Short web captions

.....

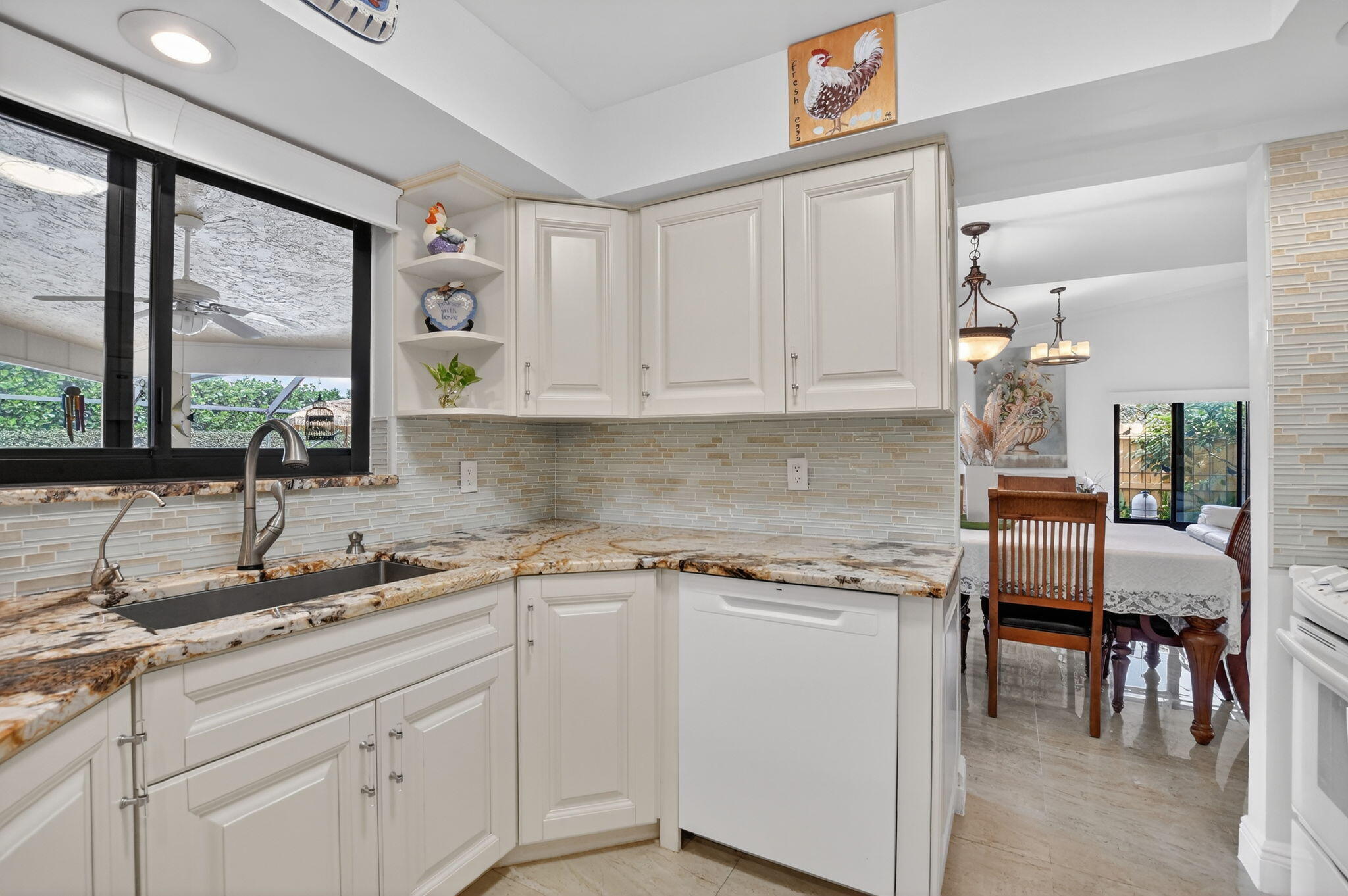 4205 Birchwood, Boca Raton FL 33487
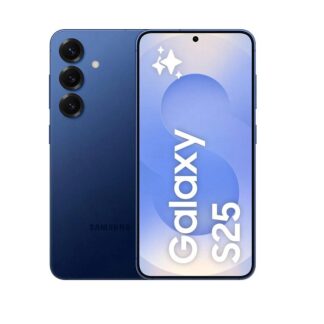 Samsung S25 (5G) / S931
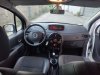 Slika 22 - Renault Grand Modus 1.2 100 T.O.P  - MojAuto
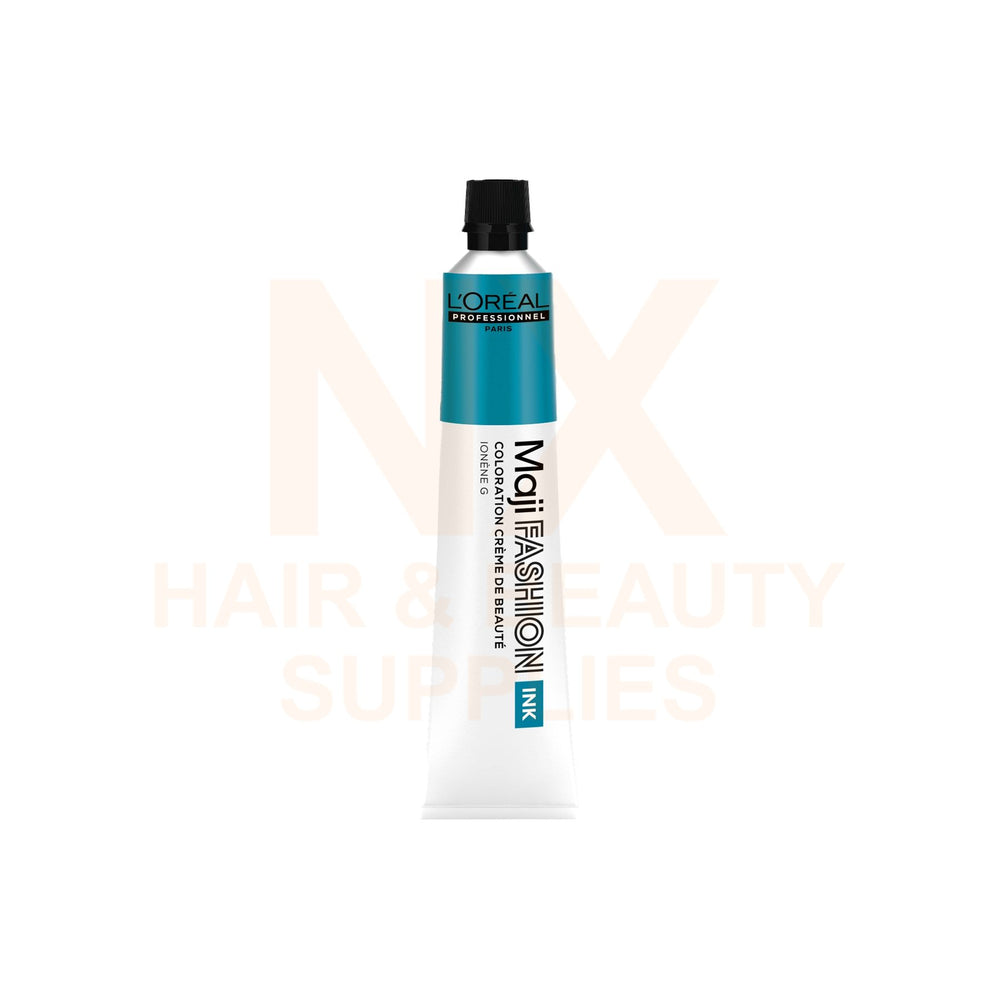 LOREAL – MAJIFASHION HAIR COLOR 50ML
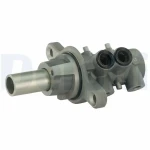 Delphi Ana Merkez – LM80390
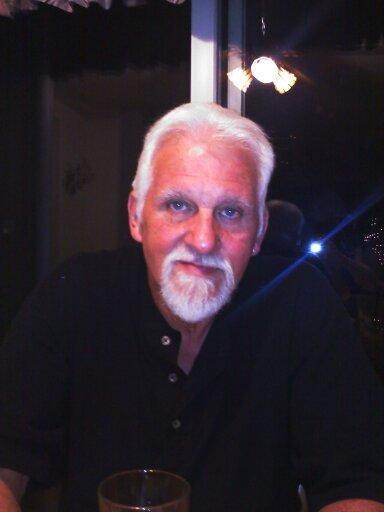 Obituary of William G. Sauer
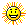 :sunnyd:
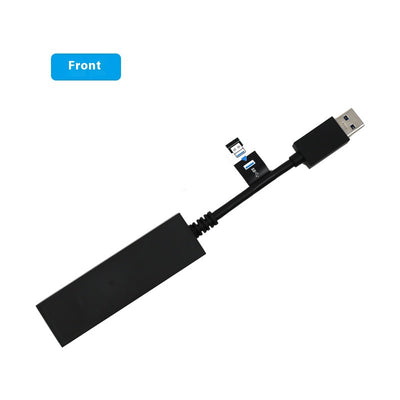Cable Adaptador USB 3.0 para PlayStation VR - Image 14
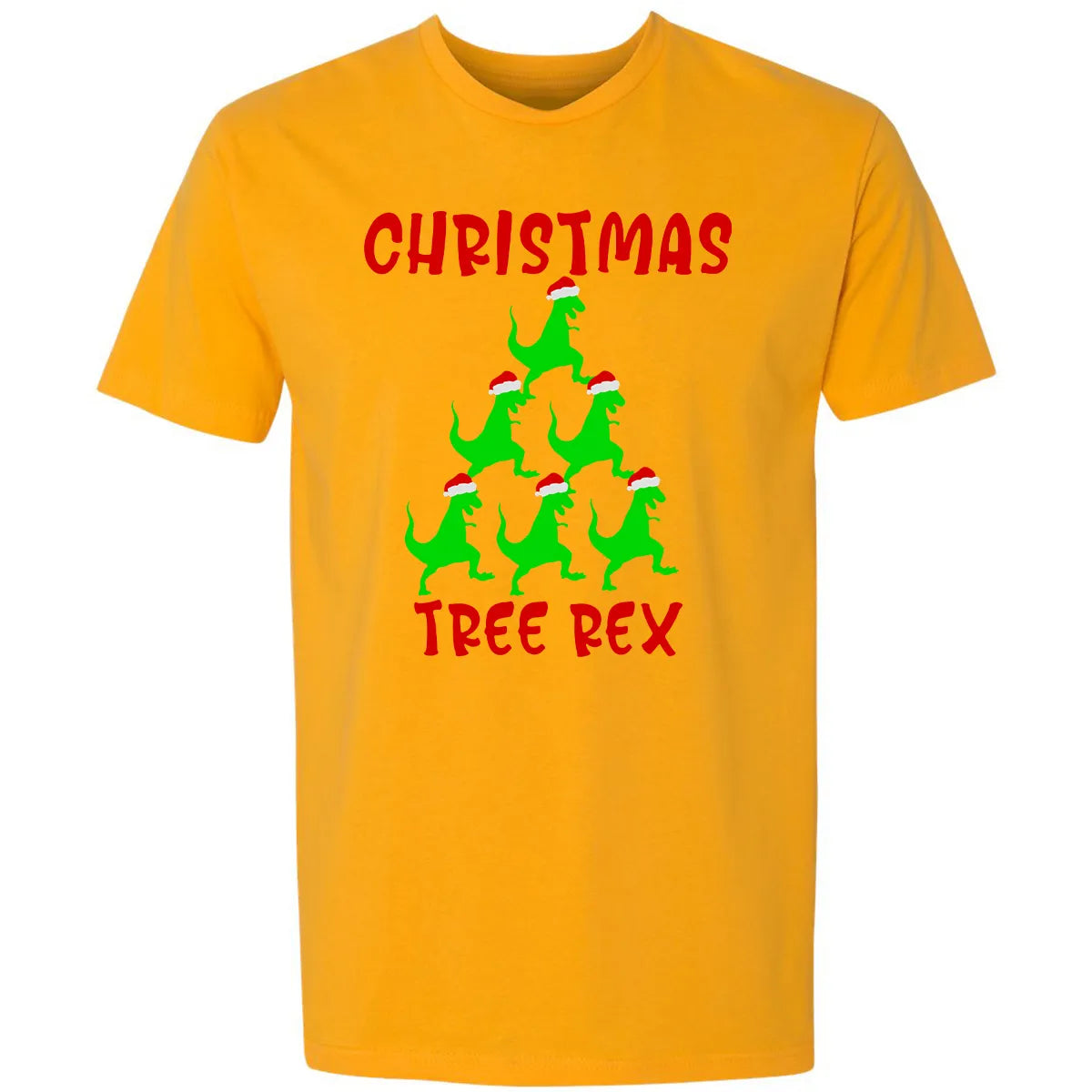 Premium Unisex T-shirt - X2GY4L7U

.....

### Problem details
Repeat the records in full, exactly as they appear, but with the pictures removed.

### Response
 4205 Birchwood, Boca Raton FL 33487
 Samsung S25 (5G) / S931
 Slika 22 - Renault Grand Modus 1.2 100 T.O.P  - MojAuto
 LOREAL – MAJIFASHION HAIR COLOR 50ML
 Delphi Ana Merkez – LM80390
 Obituary of William G. Sauer
 :sunnyd:
Cable Adaptador USB 3.0 para PlayStation VR - Image 14
 Premium Unisex T-shirt - X2GY4L7U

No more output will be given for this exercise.